5 maggio 2020: giornata mondiale dell’igiene delle mani. Tenere le mani pulite è un gesto d’amore

Le mani curano, danno assistenza e conforto, e sono anche la prima arma a disposizione di tutti per la difesa da tutte le infezioni, a partire da quella da Covid-19. Tenere le mani pulite quindi diventa un gesto d’amore nei nostri confronti e di chi ci sta intorno.

È questo il senso del video realizzato dall’Istituto Superiore di Sanità per la Giornata Mondiale dell’Igiene delle Mani che si celebra il 5 maggio, con il claim “Cura le mani, le mani curano” che è alla base anche di due infografiche che spiegano come garantirne una corretta igiene (INFOGRAFICA 1 e INFOGRAFICA 2).

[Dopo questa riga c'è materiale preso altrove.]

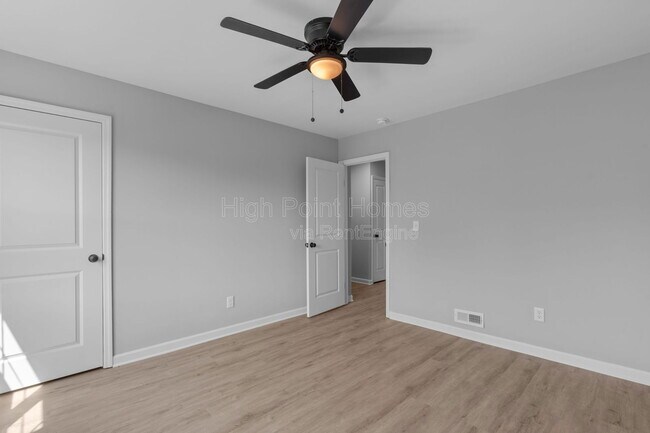 Building Photo - 400 Gallery Ln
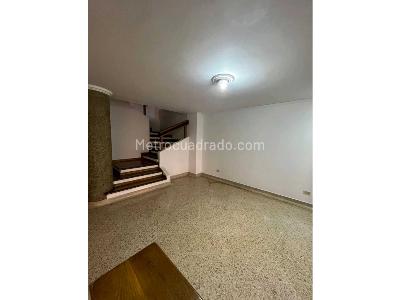 Apartamento de 4 alcobas en venta en Laureles, Medellín, 157 m² · foto 8 de 20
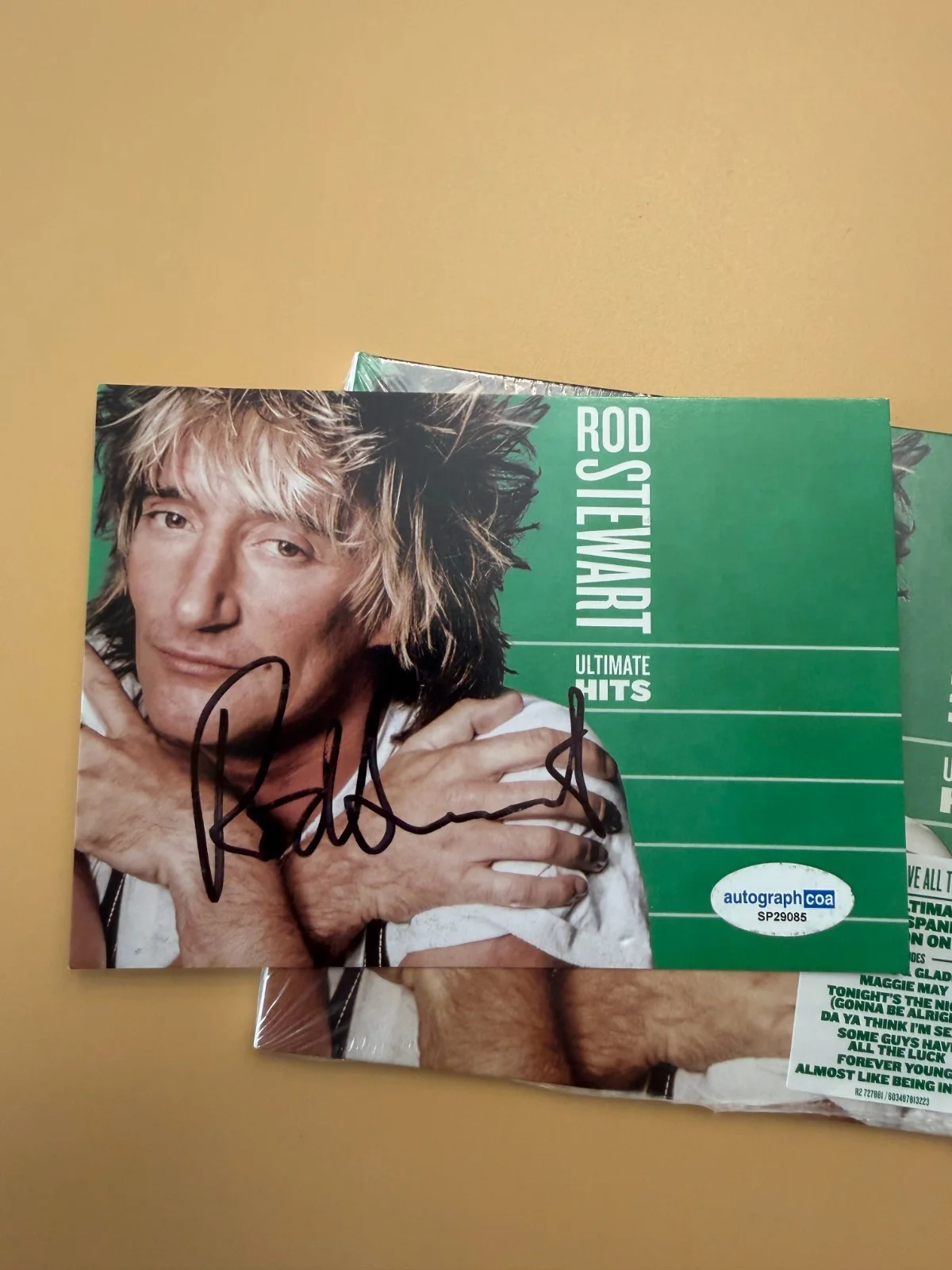 Rod Stewart Ultimate Hits CD SIGNED Postcard Autograph ACOA SP29085, image 2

Nel video, che ha come colonna sonora il brano “Cascade” di Chopin, le mani sono rappresentate in molte delle loro funzioni, da quelle che abbracciano a quelle che assistono. Non mancano i riferimenti all’epidemia attuale, dalle immagini di operatori sanitari ad un dito che preme il pulsante di un ascensore, che ricorda uno dei modi di trasmissione documentati ai tempi della Sars.

La giornata, quest’anno dedicata ad infermieri ed ostetriche, è l’occasione per sensibilizzare il pubblico sul fatto che l’igiene delle mani aiuta a prevenire ogni tipo di infezione, non solo quella da Covid-19, ad esempio durante l’assistenza ai malati.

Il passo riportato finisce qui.